RE: Linked Data discussions require better communication from Young,Jeff (OR) on 2013-06-21 (public-lod@w3.org from June 2013)

From: Young,Jeff (OR) <jyoung@oclc.org>
Date: Fri, 21 Jun 2013 15:47:33 +0000
To: Stephane Fellah <fellahst@gmail.com>, Linked Data community <public-lod@w3.org>
Message-ID: <785e14822e75492ba007e579cd3d90ab@BY2PR06MB204.namprd06.prod.outlook.com>
I created ugly slide awhile back to help illustrate TimBL's 4 rules and 5 stars and "Linked Data" into relative perspective. Using this table structure, you can encourage people plot the name of their dataset onto the grid and then encourage them to push it towards the lower right corner.

Jeff

[cid:image002.png@01CE6E75.1B6361D0]

From: Stephane Fellah [mailto:fellahst@gmail.com]
Sent: Friday, June 21, 2013 11:25 AM
To: Linked Data community
Subject: Fwd: Linked Data discussions require better communication



Kingsley,

Context reminder: I am trying to clarify the definition of Linked Data and argue for the need of URIs, HTTP and RDF Model to create Linked Data (as defined by TBL). I am trying to illustrate what is Linked Data and what is not Lined Data through the use of examples. I also trying to pinpoint the dangers of drifting away from this definition based on my personal experience.

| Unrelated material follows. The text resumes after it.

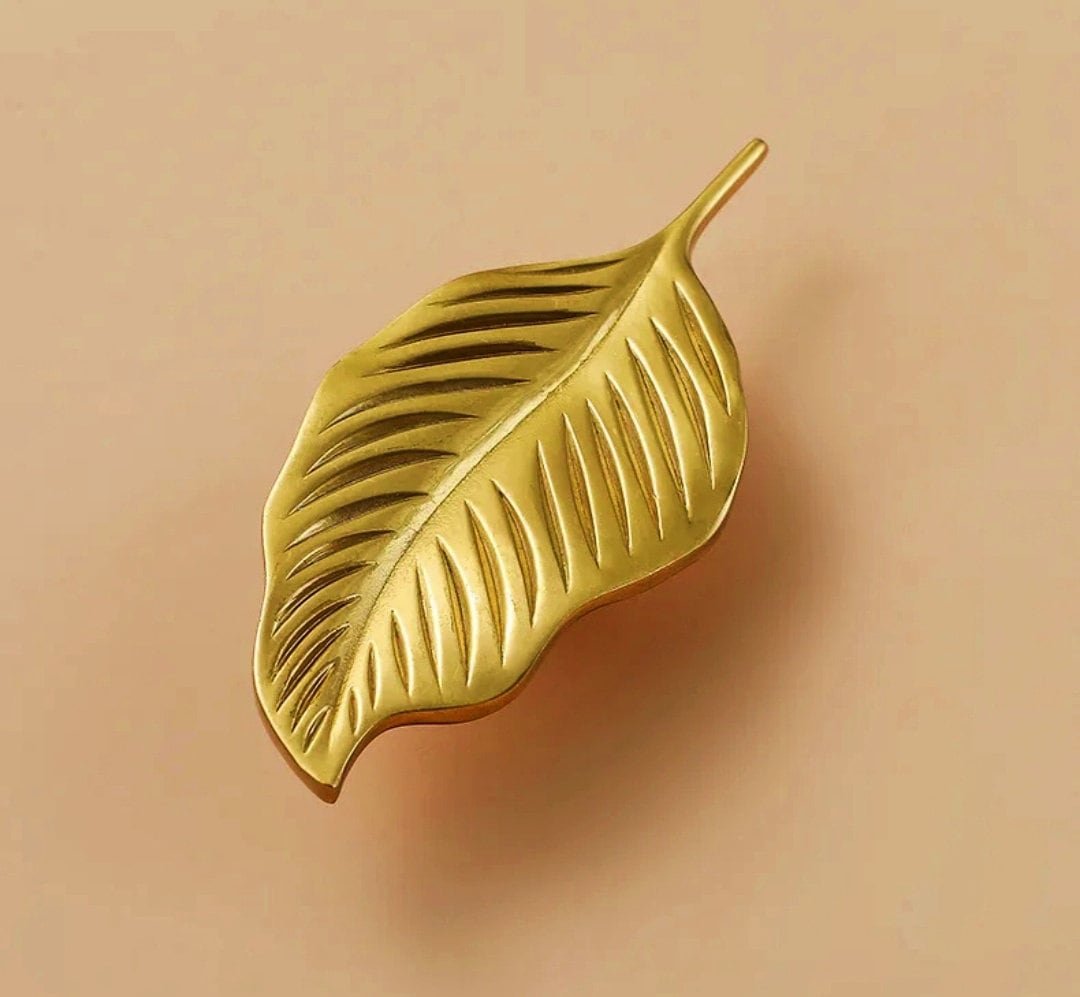 Shiny gold brass leaf cabinet handle/Gold Autumn leaf drawer pull/Gold leaves door handle/Fall leaf drawer knob/gold furniture hardware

On Thu, Jun 20, 2013 at 3:54 PM, Kingsley Idehen <kidehen@openlinksw.com<mailto:kidehen@openlinksw.com>> wrote:
On 6/20/13 2:16 PM, Stephane Fellah wrote:
Kingsley,



On Thu, Jun 20, 2013 at 1:28 PM, Kingsley Idehen <kidehen@openlinksw.com<mailto:kidehen@openlinksw.com>> wrote:
On 6/20/13 12:50 PM, Stephane Fellah wrote:
Hi,

I agree with Luca's viewpoint. The W3C standard RDF model (a.k.a triple model) is one of most fundamental piece of the technology stack defining Linked Data (along with URIs and HTTP).

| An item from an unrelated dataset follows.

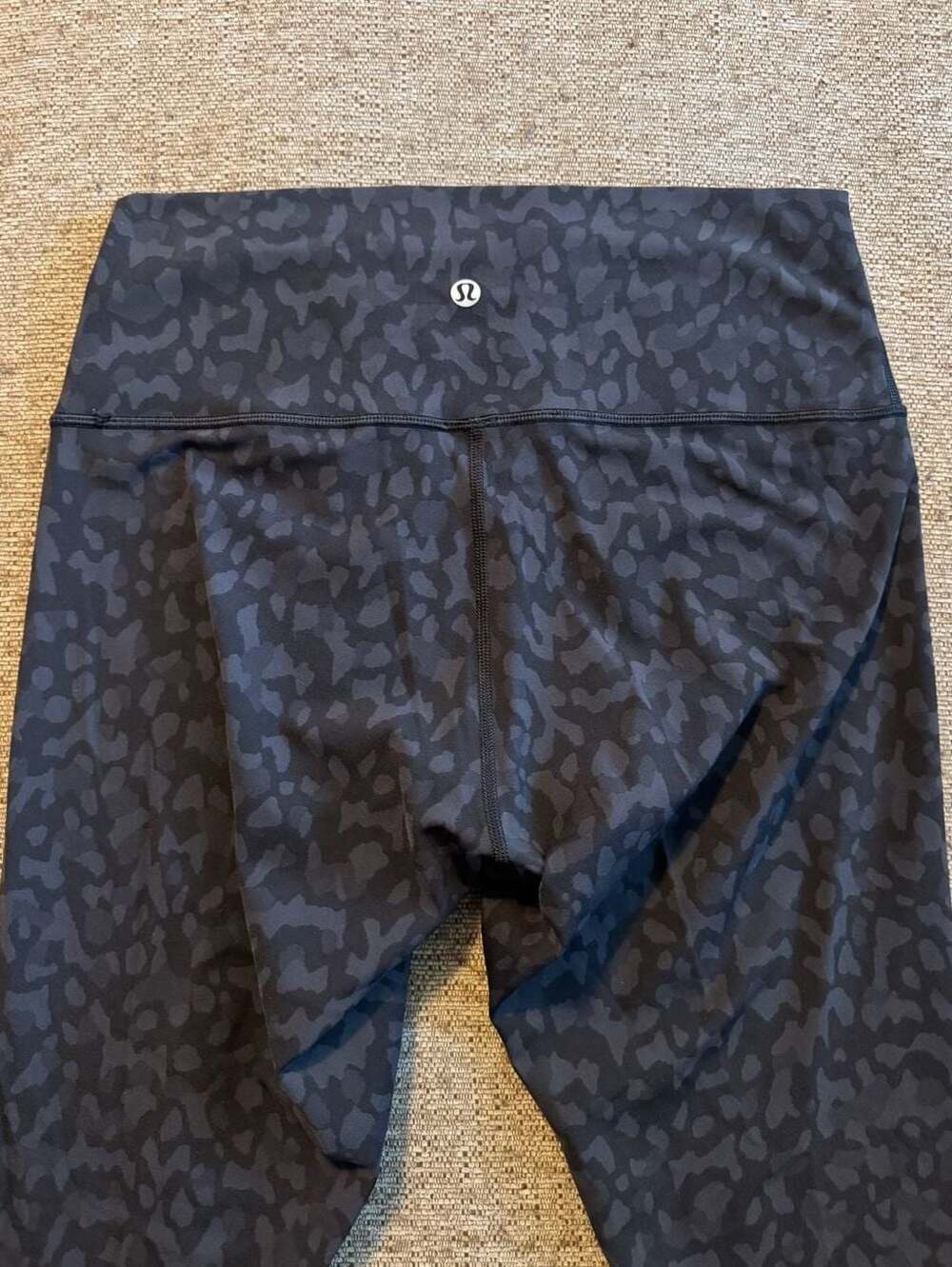 Lululemon Align High-Rise Pant 28" Inseam Black Leopard Camo Size 8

I am not disputing that point.

Here's what in dispute, and the topic of debate to me: the misconception that you MUST know anything about RDF en route to creating and publishing Linked Data. RDF is an optional implementation detail with a particular outcome in mind i.e., the ability for humans and machines to understand the entity relationship semantics that constitute the Linked Data.

Can you provide some examples to clarify your point here? Do you consider CSV files as Linked Data ?

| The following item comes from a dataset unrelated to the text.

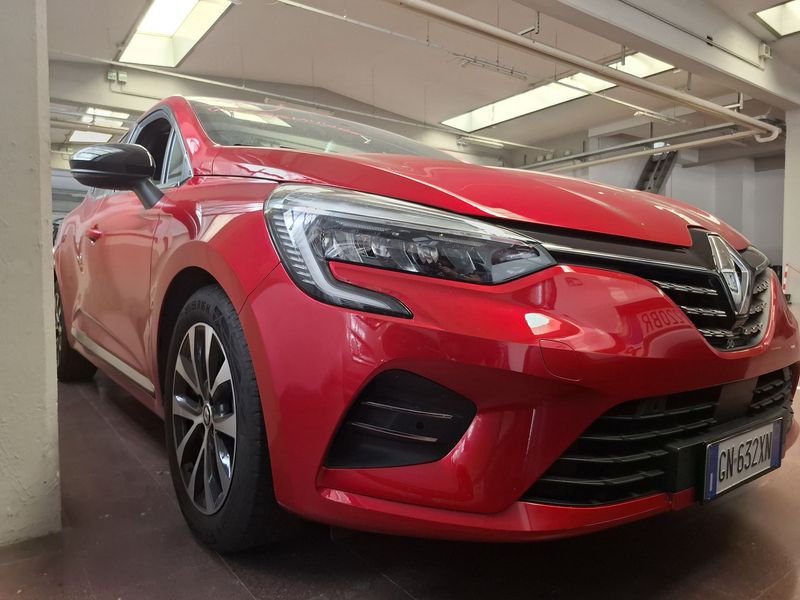 https://cdn-dk.caraffinity.it/dealer/datafiles/vehicle/images/800/32881/hp0qgVl6dKaLPe5H.jpg?format=jpeg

Of course you can produce Linked Data content via a CSV file [1][2].

You have not really answered my question. My question is:  Do you consider CSV file as Linked Data ? Your answer should hopefully be NO (it's just data without semantic). I am not asking if CSV can be transformed to Linked Data.  Of course it can ! Any data can be transformed to linked data.  The point I am trying to make is that CSV files are not by nature Linked Data. To perform the conversion to Linked Data, we could use the following steps:
1) Define a unique URI for each row (Subject) .
2) For each column, define a URI for its semantic (Property).
3) For each cell value, define a  literal or  URI (in case of a reference to another resource).
4) Make the data accessible through HTTP.

The end results is a set of triples that represent a directed labeled graph (RDF Model). I just demonstrated to you that I use the RDF Model (Directed labeled graph composed of triples with URIs).




Do you consider RDBMS Tables ( using primary keys of the database as identifiers) as Linked data ?

Nice that you asked, I can use RDBMS keys to demonstrate different kinds of Linked Data to you, for sure [3][4][5][6].

Again, you dodged my question by showing me how you convert RDBMS to Linked Data. Again the steps taken to realize your example are similar to the one I described for CSV. The result is a directed label graph (RDF Model).
The original RDBMS table are not Linked Data, they are structured data without any semantic. The mapping to URIs and the decomposition of the E-R model to a directed label graph using URIs means that you are using the RDF Model.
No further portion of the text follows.